05.23.08

Types of Dependencies

Posted in General development at 3:04 pm by Kyoryu

Dependencies and coupling seem to cause the greatest pain in software development.  I think it’s useful to look at the types of dependencies that can exist.

Contained Dependencies

A contained dependency is a dependency that a class has, but which is not communicated externally.  The class uses the contained object, and so is dependent upon it, but does not propagate the dependency.  This is the most benign dependency, as if the dependency breaks, the class may break, but it can not (directly) break other objects.

Direct Dependency

A direct dependency is a dependency which is exposed directly by the class, either in a return value, a parameter, or a base class.  Direct dependencies are worse than contained dependencies, as they can directly break classes that use the class under discussion, both in terms of compilation and functionality.

Indirect Dependency

An indirect dependency is a dependency exposed by another dependency.  This is worse than direct dependencies, as this is how dependencies propagate, causing the system to become brittle.

Hidden Dependency

A hidden dependency is arguably the worst kind of dependency.  A hidden dependency is a contained dependency that can cause side effects, causing other components to fail.  Globals are, generally, hidden dependencies.

05.14.08

Defining Value Types

Posted in Uncategorized at 1:04 pm by Kyoryu

One of the things that’s been floating around in my mind is the difference between object types and value types.  Conceptually, it’s the difference between a dialog and an integer or string.  In my mind, I understand the intent, but I dislike categorizing by intent, as that leads to fuzzy definitions that eventually become meaningless.

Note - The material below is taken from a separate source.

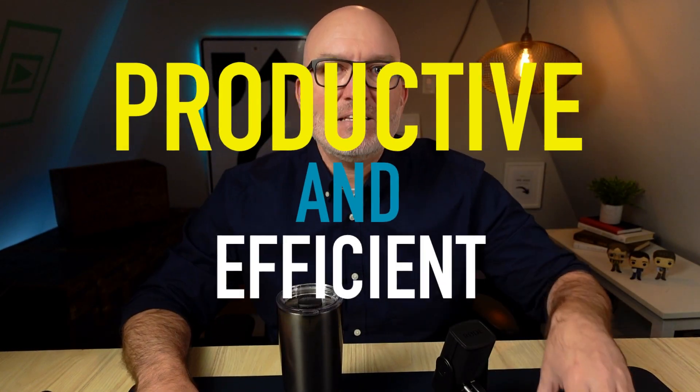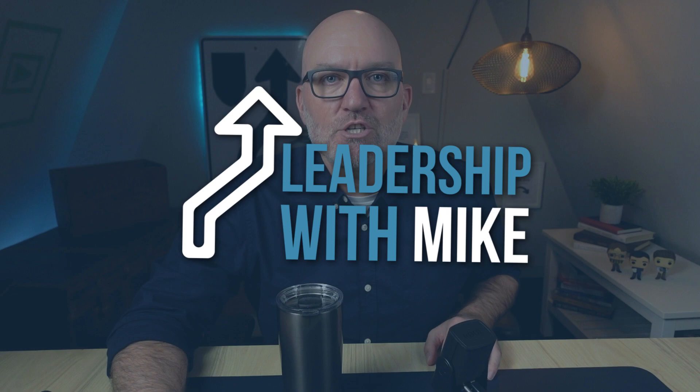How can you ensure that your team meetings are productive and efficient while also keeping your team members engaged and motivated? The struggle is real. In this video, I'm going to provide you with some essential tips and strategies to help you run a successful team meeting that will inspire your team and drive success. Welcome to Leadership with Mike, where I help you become a more confident leader.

The other way to define value types is by storage – stack vs. heap.  I really don’t like this, though, as one of the advantages of value types is that it’s safe to pass them by reference.  I would say a string in C# is a value type, even though it’s a class (and therefore passed by reference).

So, here’s a set of criteria to determine if something is a value type or not.  These criteria don’t specify whether a particular type could be implemented as a value type, only whether or not they are a value type as implemented.

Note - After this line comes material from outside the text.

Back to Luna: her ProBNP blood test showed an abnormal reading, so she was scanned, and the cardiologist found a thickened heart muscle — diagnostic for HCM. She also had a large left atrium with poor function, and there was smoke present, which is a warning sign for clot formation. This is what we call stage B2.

  1. The type must be immutable.  Any methods called on the type cannot change its members.  If a modification is desired, the method should create a new object of the same type, and return that object.
  2. The type must only reference other value types.

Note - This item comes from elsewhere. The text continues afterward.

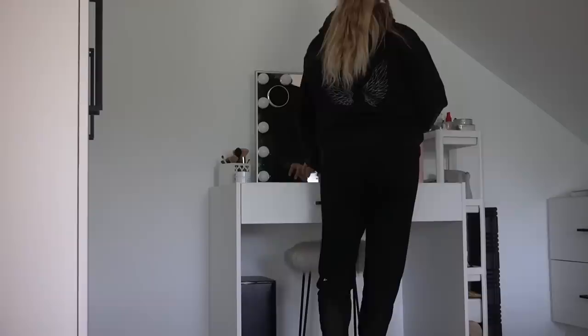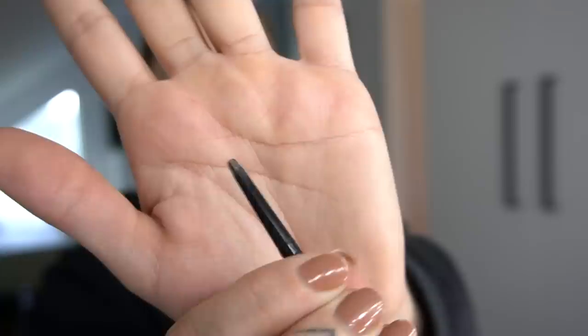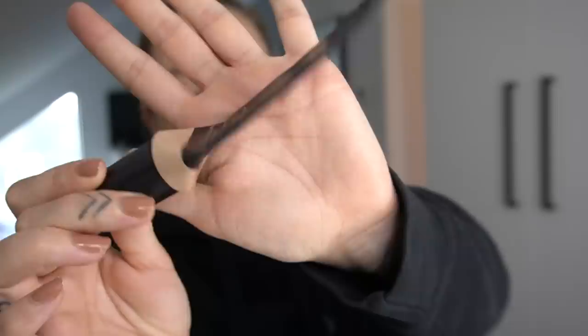Then I jump straight into getting ready — I have a new little getting ready station in my bedroom now. I do my makeup, do my hair, throw on an outfit, put on some lotion, brush my teeth, get all that stuff done. I am out of so many products right now — I need a new brow pencil, a new moisturizer, I'm running low on everything at the same time, which is actually kind of nice because I can go refresh my whole getting ready routine before baby comes and have things stocked up.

If your type follows these two rules, it is guaranteed to be side-effect free.

Rule #2 might be relaxed, if the reference type that the type holds is guaranteed to never be exposed (so nothing can ever modify it), and the object never modifies it itself.

Edit a year later:  Another exemption is that a type can be a value type if it never acts upon any reference types that it contains.  A list can be a value tpe, then, as it doesn’t actually act on any of its contents.